Abstract
Integral equations for currents in one and two straight metal radiators with exact and approximate kernel and methods of solving these equations with the help of an iterative process, perturbation method and Moment Method are considered. Results are generalized to the case of radiators with constant and piecewise-constant impedance and with lumped loads. The Moment Method with piecewise-sinusoidal basic and weighting functions is shown to correspond to the physical content of a problem and be equivalent to division of the radiator into isolated dipoles, the self- and mutual impedances of which are calculated by the method of induced emf.

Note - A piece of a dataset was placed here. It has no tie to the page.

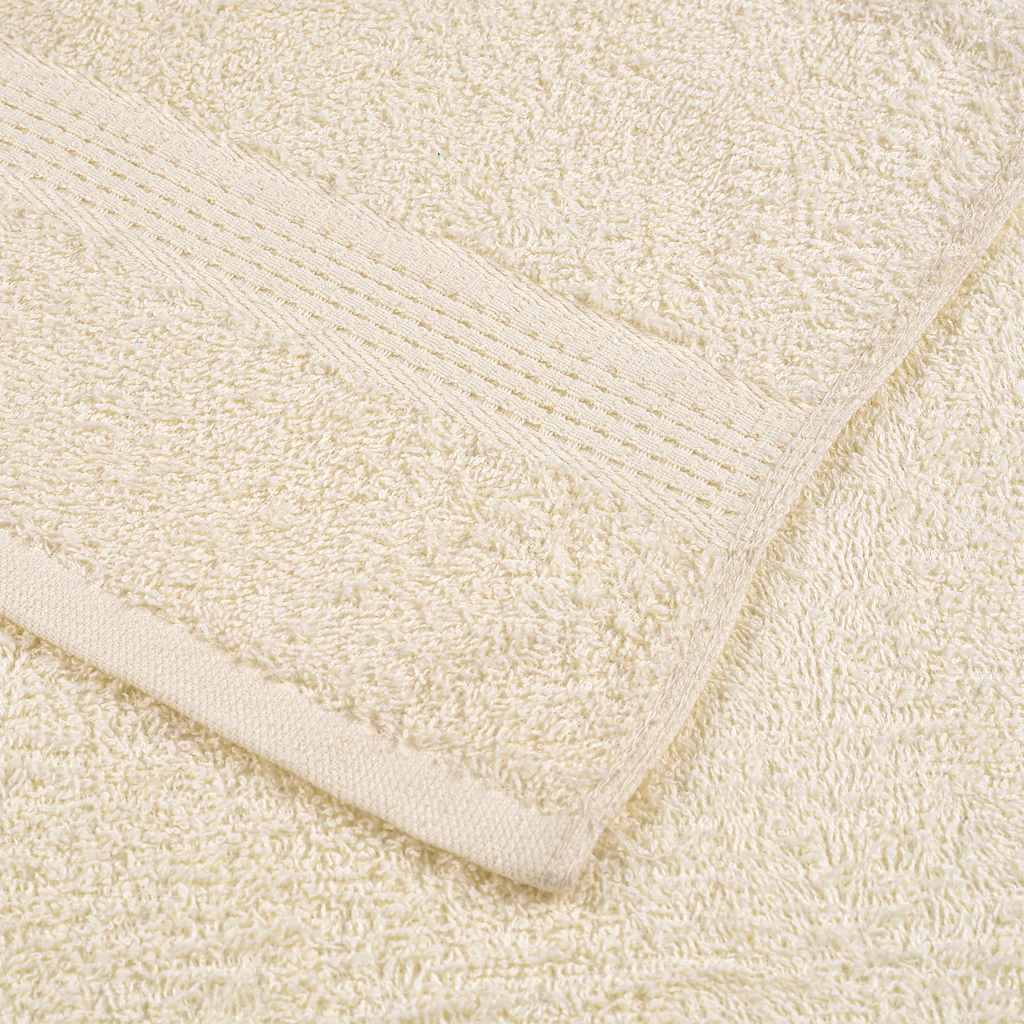 Waschtücher FROGN 4 Stk. Creme 30x30 cm 360 g/m²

Keywords: Approximate kernel, Basic functions, Boundary condition, Complicated structures, Constant impedance, Entire-domain functions, Equation for a system of radiators, Equation for two radiators, Exact kernel, Generalized method of induced emf, Hallen’s equation, Integral equation for the current, King-Middleton’s iterative procedure, Leontovich-Levin equation, Logarithmic singularity, Lumped loads, Metal rod with a magnetodielectric coat, Moment method, Perturbation method, Piecewise constant impedance, Piecewise-sinusoidal functions, Pocklington’s equation, Radiators systems of straight wire segments, Slowing-down, Straight metal radiator, Subdomain functions, Weighting functions.